5. Web Scraping allows users to access most of the content directly from the Web User Interface. Since a web interface is visual (this is the point of a CMS) some Web Scrapers leverage the UI to extract the content and place it into a structure like a Database, XML, or CSV format. All CMSs, DAMs, and DMSs use web interfaces so extracting the content for one or many source sites is basically the same process. In some cases, it is possible to push the content into the new CMS using the web interface but some CMSs use JAVA applets or Active X Control which are not supported by most web scrapers. In that case, the developer must read and understand the target CMS API and develop code to push the content into the new System. The same can be said for Web Services.

=== The basic content migration flow ===
1. Obtain an inventory of the content.
2. Obtain an inventory of Binary content like Images, PDFs, CSS files, Office Docs, Flash, and any binary objects.
3. Find any broken links in the content or content resources.
4. Determine the Menu Structure of the Content.
5. Find the parent/sibling connection to the content so the links to other content and resources are not broken when moving them.
6. Extract the Resources from the pages and store them into a Database or File structure.
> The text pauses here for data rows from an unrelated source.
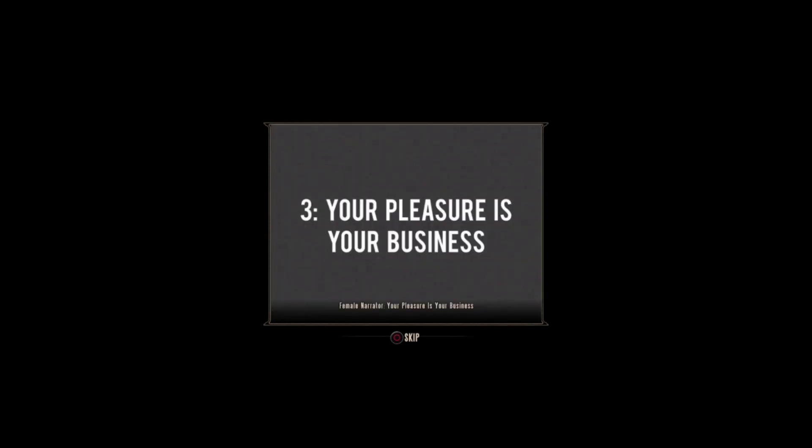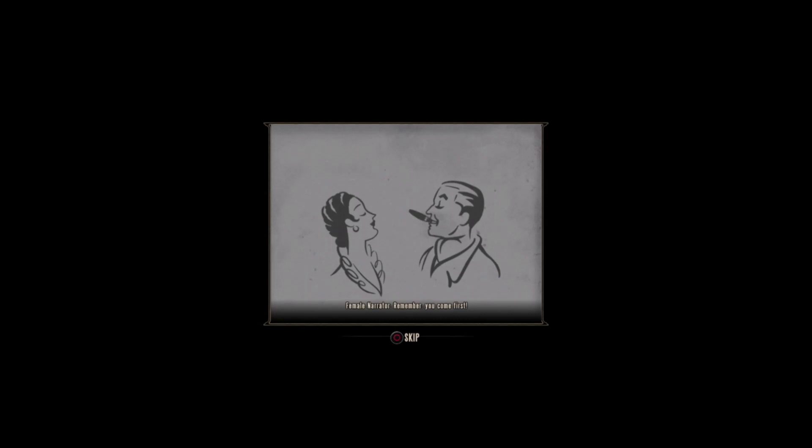Your pleasure is your business. Remember, you come first. Nobody's going to keep an eye on your pleasure except you.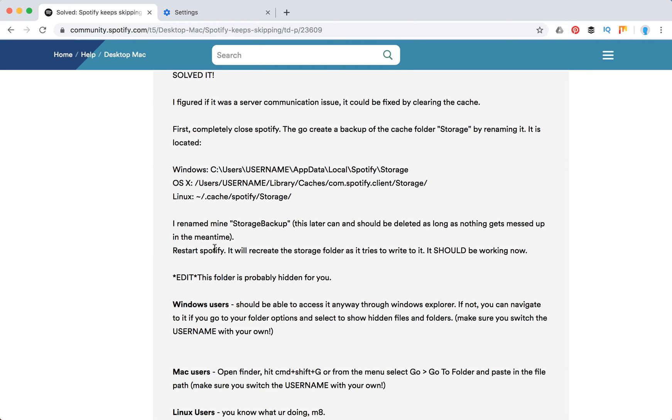Then restart Spotify. It will recreate the storage folder as it tries to write to it. It should be working now. So that's it, that's the solution.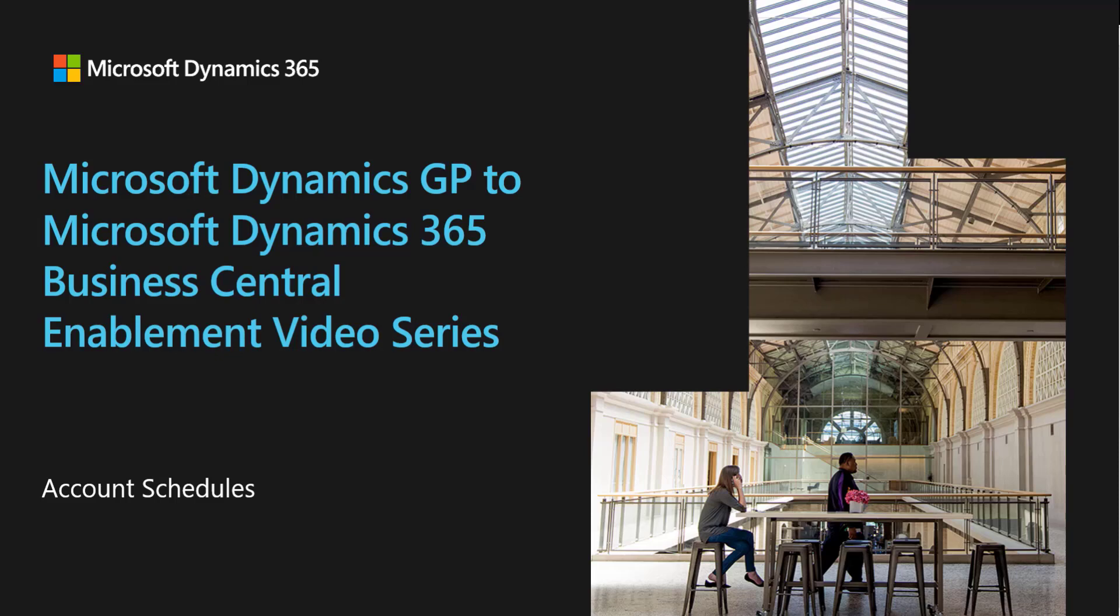In this video, we're going to talk about the financial reporting tools that are available in GP and compare that to the tools available in Business Central.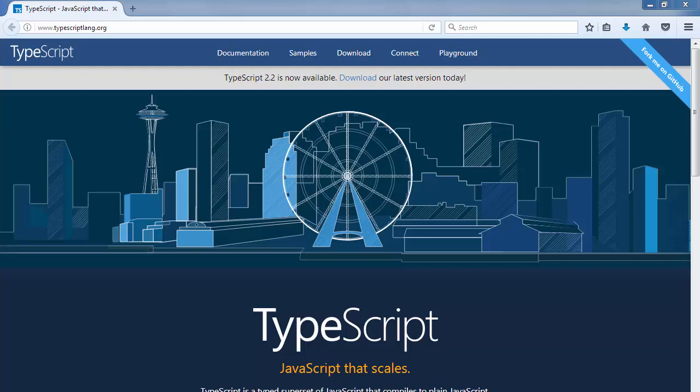Hi, in this video we're going to talk about how to install TypeScript on your Windows machine using node package manager.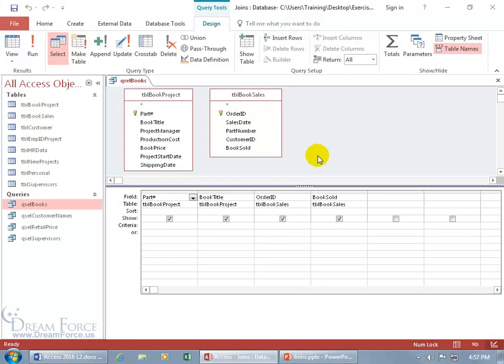As you recall, when we create a relationship between tables, we do that in the Relationships window. The only other place you can create a relationship outside of that window is within a query, and it's known as a join, but it's temporary, not permanent. So if you want to get some information without permanently creating a relationship — to temporarily join two tables — we can do that.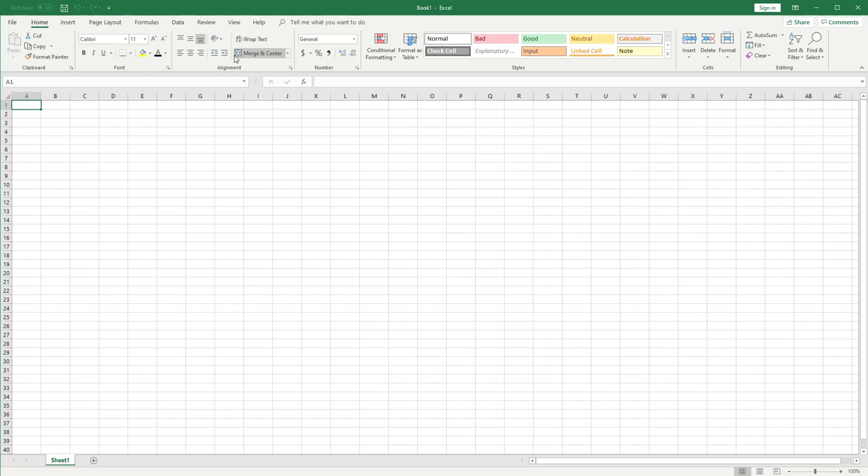Hey guys, quick screencast to demonstrate how in Excel you can bring in text data that's not already part of a spreadsheet.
Store the reference in a database or a File.
7. Extract the HTML content from the site and store it locally.
8. Upload the resources to the new CMS either by using the API or the web interface and store the new location in a Database or XML.
9. Transform the HTML to meet the new CMSs standards and reconnect any resources.
10. Upload the transformed content into the new system.
Old to new
1. Remember the content strategy on your new site can evolve as brand objectives change and as you start to understand how content performs in this new environment. It may be necessary to bring back old content that hadn't initially been migrated — make sure you archive everything that doesn't make the initial cut for this reason.